Don’t get me wrong, I love Swansons. But damn they are competitive. As soon as I told them to start eating, every Swanson grabbed a fork:
And then they waited for someone to give up their fork so they could eat. But of course, “a Swanson never gives up his fork!” sigh So they waited forever and eventually died in their stupid log cabin. Great job, guys. When all Swansons are stuck, that is called deadlock.
Alright Rons. I’m going to set a time limit. If you have been waiting for a fork for 10 minutes, you need to give up your fork. And wait 10 minutes before you try to pick up a fork again. By then, someone else will be done and you can use his fork:
Now you can’t have deadlock. But if all Swansons do these actions at the exact same time, you now have livelock: Yay! Nothing can go wrong now! Right? 30 minutes later So let me get this straight…
- You all picked up your fork at the exact same time.
- 10 minutes later, you all put down your forks.

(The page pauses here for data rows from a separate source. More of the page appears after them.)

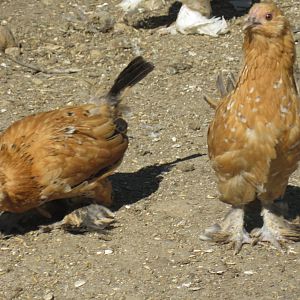 Mille Fleur d'Uccle pullets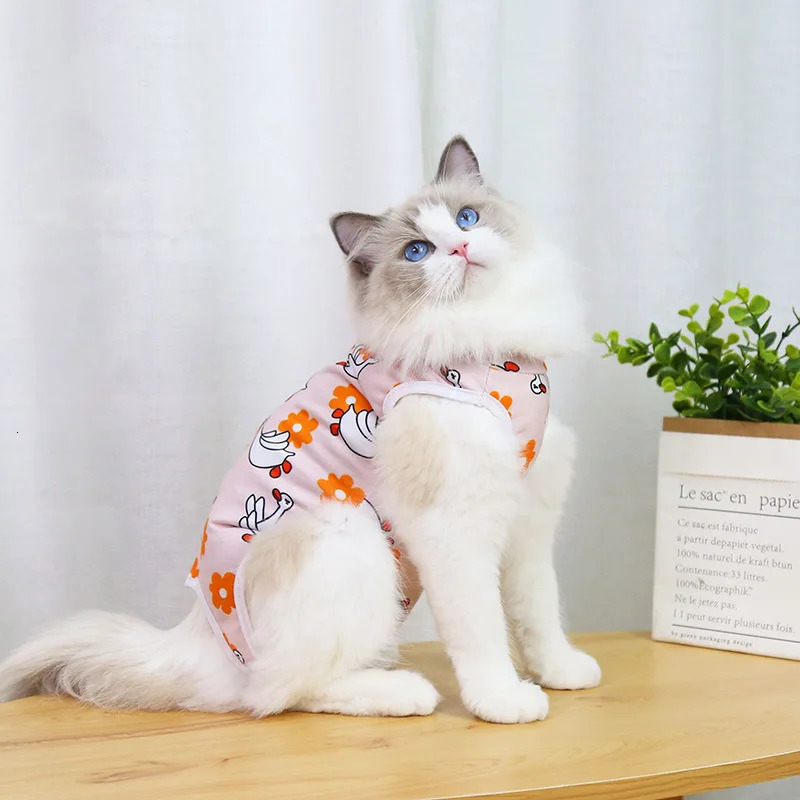 Cat Weaning Sterilization Suit Small Dog Cats Jumpsuit Anti-lick Recovery Clothing After Surgery Cute Print Pet Care Clothes 250326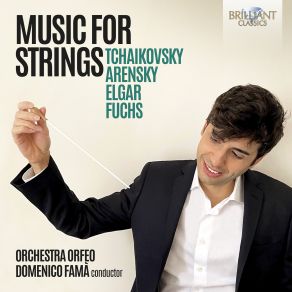 Download track Variations On A Theme By Tchaikovsky, Op. 35a VII. Var. VI. Allegro Con Spirito Domenico Famà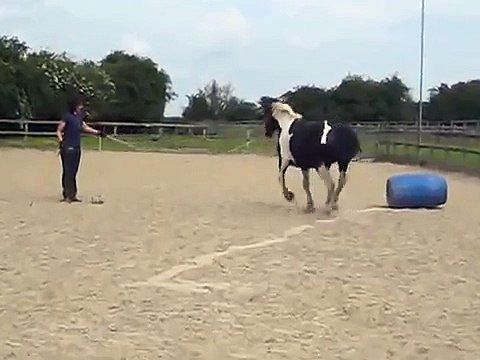 Parelli - Circling Game with Barrel and Cone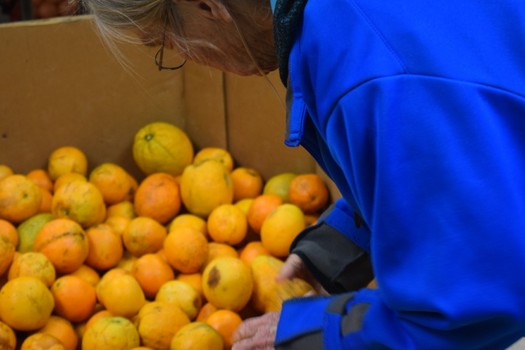 Indiana farmers are being asked to sell surplus or blemished produce to food banks. (Virginia Carter)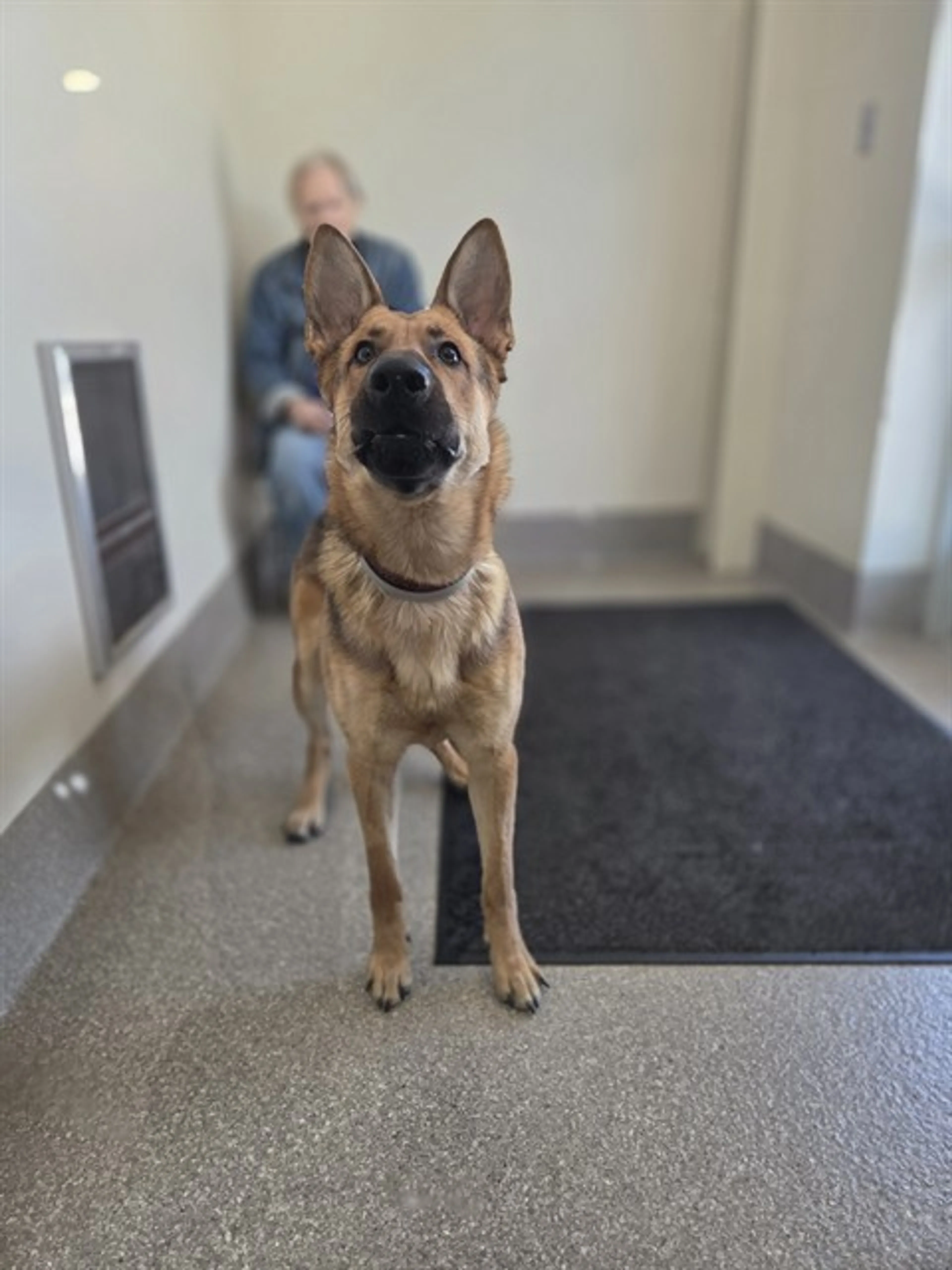 Found pet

- 10 minutes later, you just picked up your forks again! This will go on forever!
What do, nephew? You Swansons will starve!
Let’s number the forks:
Now Rons, the rule is, if you’re using two forks, you need to pick up the lower numbered fork first. Now let’s see what happens:
- Ron #1 picks up fork #1
- Ron #2 picks up fork #2
- Ron #3 picks up fork #3
- Ron #4 picks up fork #4
- Ron #5 can’t pick up fork #5! Because he will need two forks and he needs to pick up the lower numbered fork first!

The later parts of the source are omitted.